Handlungsempfehlungen für die Praxis

  1. Konzeption mit DatenschutzbyDesign: Bereits in der Planungsphase des Voicebot‑Projekts sollten datenschutzrechtliche Fragestellungen berücksichtigt werden (z.  Art der Aufzeichnung, Zugriff, Speicherung).
  2. Transparenz gegenüber Betroffenen: Nutzerinnen sollen informiert werden, ob sie mit einem Bot oder Menschen interagieren; welche Daten verarbeitet werden. Im Zweifel sollte deutlich gemacht werden, dass KI zum Einsatz kommt.
  3. Einwilligung und Werberecht prüfen: Bei automatisierten Anrufen zu Marketingzwecken ist sicherzustellen, dass die rechtliche Grundlage gegeben ist (z. B. Einwilligung oder gesetzliche Ausnahmeregelung).
  4. DatenschutzFolgenabschätzung (DSFA) durchführen: Insbesondere, wenn Voicebot‑Systeme Audio‑ biometrische Daten verarbeiten oder eine hohe Risiko‑Lage bestehen könnte.
  5. Vertrags und Haftungsfragen klären: Dienstleistungsverträge mit Voicebot‑Anbietern sollten Verantwortlichkeiten, Datenverarbeitung, Sicherheitsanforderungen und Haftung regeln.
  6. Pilotbetrieb mit EskalationsMechanismen: Voicebots sollen dort eingesetzt werden, wo standardisierte Abläufe möglich sind. Für komplexe Fälle sollte eine sorgfältige Übergabe an menschliche Mitarbeitende vorgesehen werden.
  7. Monitoring und Auditing: Kontinuierliche Überwachung des Betriebs, der Datenflüsse und der Nutzerzufriedenheit sowie Anpassung bei Änderungen in Recht und Technik.
  8. Cloud und Auslanddatenverarbeitung prüfen: Werden Dienste im Ausland genutzt oder Daten ausgelagert, ist zu prüfen, ob ein angemessenes Datenschutzniveau vorliegt und eine Auftragsbearbeitungsvereinbarung oder sogenannte Standard Vertragsklauseln vorliegen.

 

Fazit und Ausblick

Der Einsatz von Voicebots im Kunden‑ und Servicebereich bietet enorme Effizienz‑ und Automatisierungsvorteile – zugleich verlangt er ein sorgfältiges rechtliches Vorgehen. In der Schweiz gelten mit der DSG und den Aussagen des EDÖB bereits heute verbindliche Anforderungen im Bereich Datenschutz, die auch KI‑gestützte Systeme wie Voicebots erfassen. Gleichzeitig ist auf EU‑Recht (z. B. ePrivacy, EU AI Act) abzustellen, falls eine grenzüberschreitende Komponente besteht.

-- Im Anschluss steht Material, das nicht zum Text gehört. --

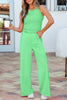 Yellow Cream Slim Ribbed Tank Top and Sweatpants Set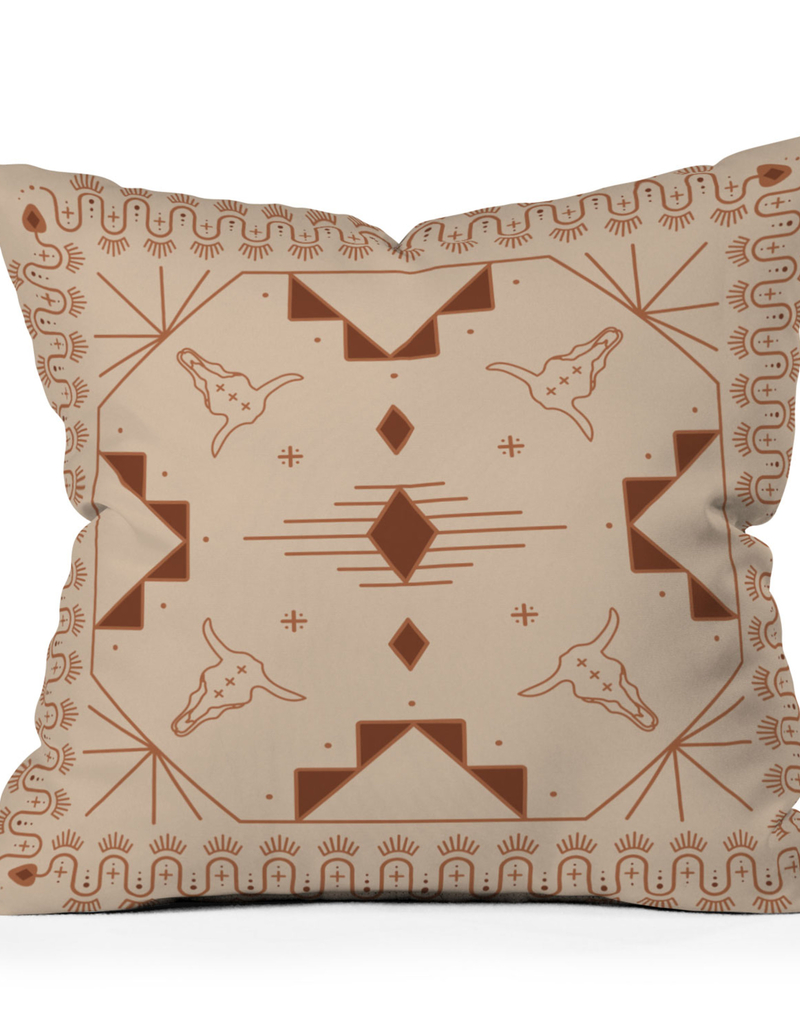 DENY DESIGNS Allie Falcon Lost Desert Tile Adobe 16"x16" Pillow image number 0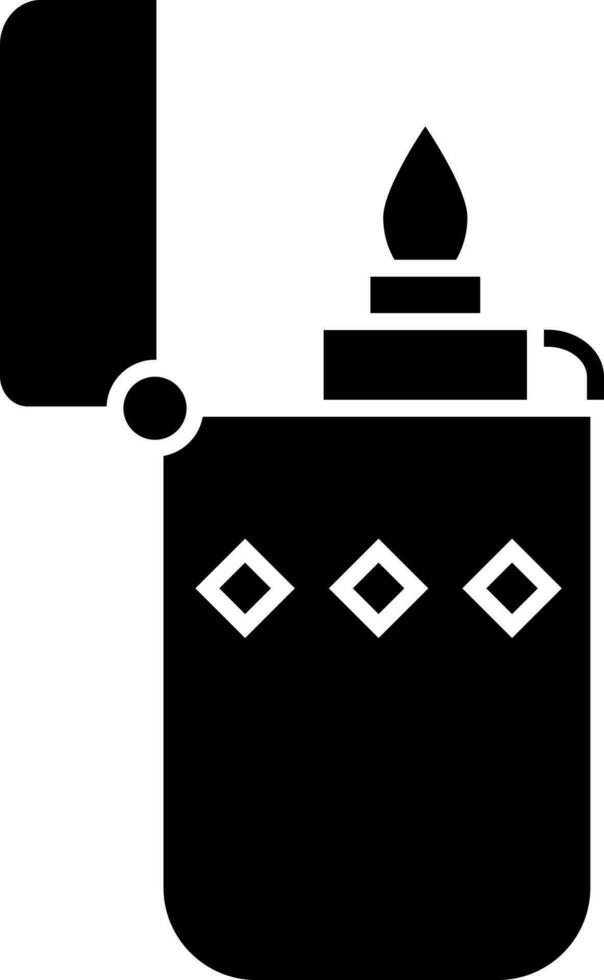 Black and White lighter icon in flat style. vector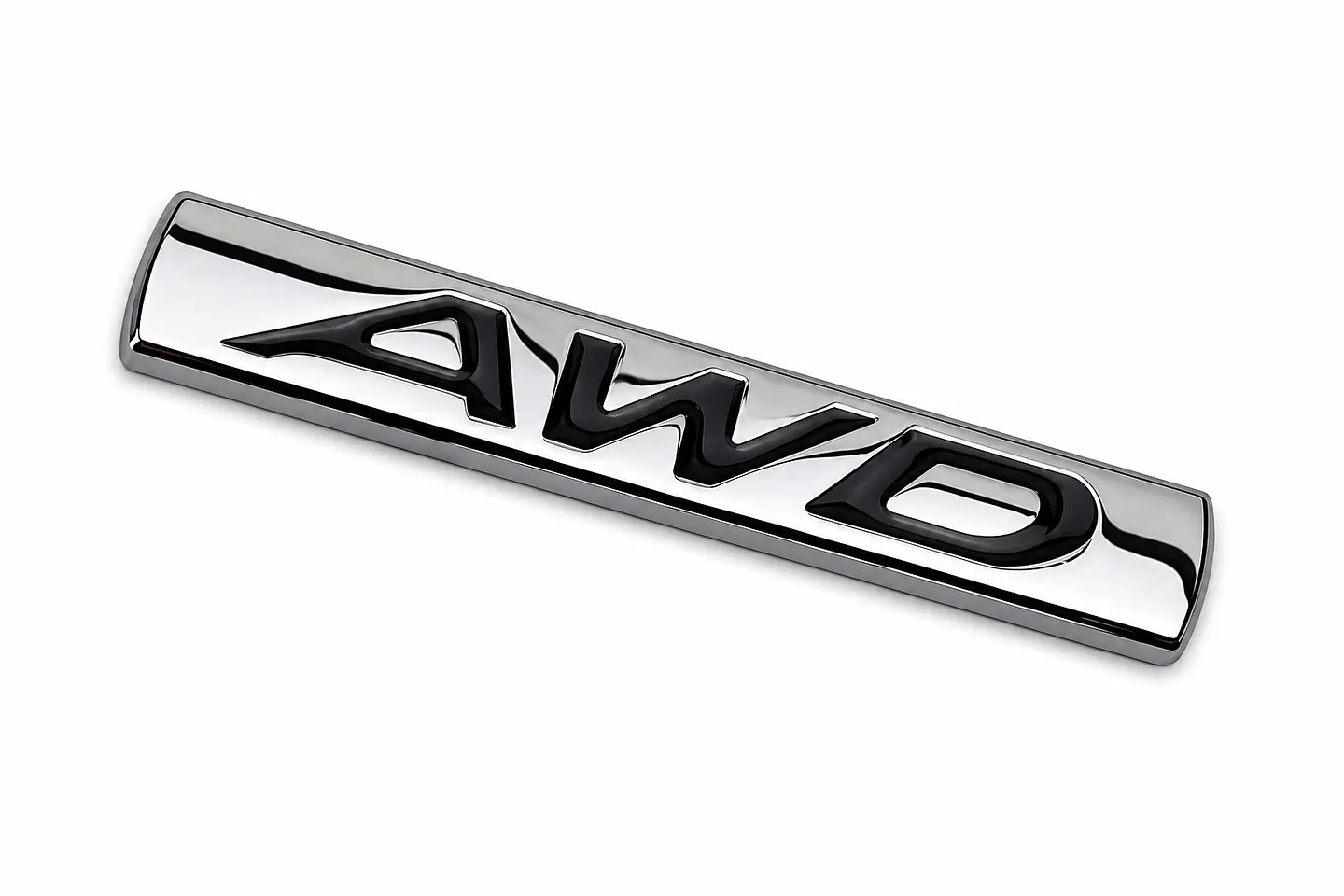 Logo Emblema Multimarcas Awd Metálico 8x1.4cm Cromado Negro 1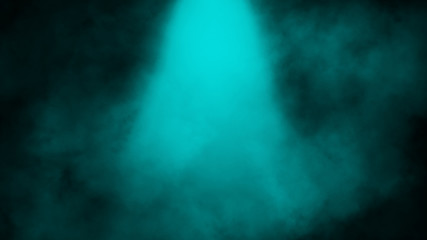 Abstract blue spotlight with smoke mist fog on a black background. Texture background for graphic web design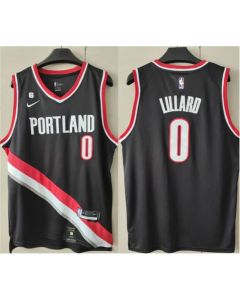 Men's Portland Trail Blazers #0 Damian Lillard Black With No.6 Patch Stitched Basketball Jersey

Für Unternehmen bedeutet das: Eine frühzeitige Einbindung der Rechts‑, Datenschutz‑ und IT‑Teams ist essenziell. Ein Voicebot‑Projekt darf nicht bloss als technisches Vorhaben verstanden werden, sondern muss in ein Governance‑, Compliance‑ und Risiko‑Management‑Framework eingebettet werden.

Zukünftig ist zu erwarten, dass speziellere Regulierungsvorgaben auch für Conversational‑KI und Voicebots eingeführt werden – etwa im Bereich „KI‑Agenten“ oder „emotionale Sprachsysteme“. Unternehmen sollten dies im Blick behalten und flexible Implementierungen vorsehen.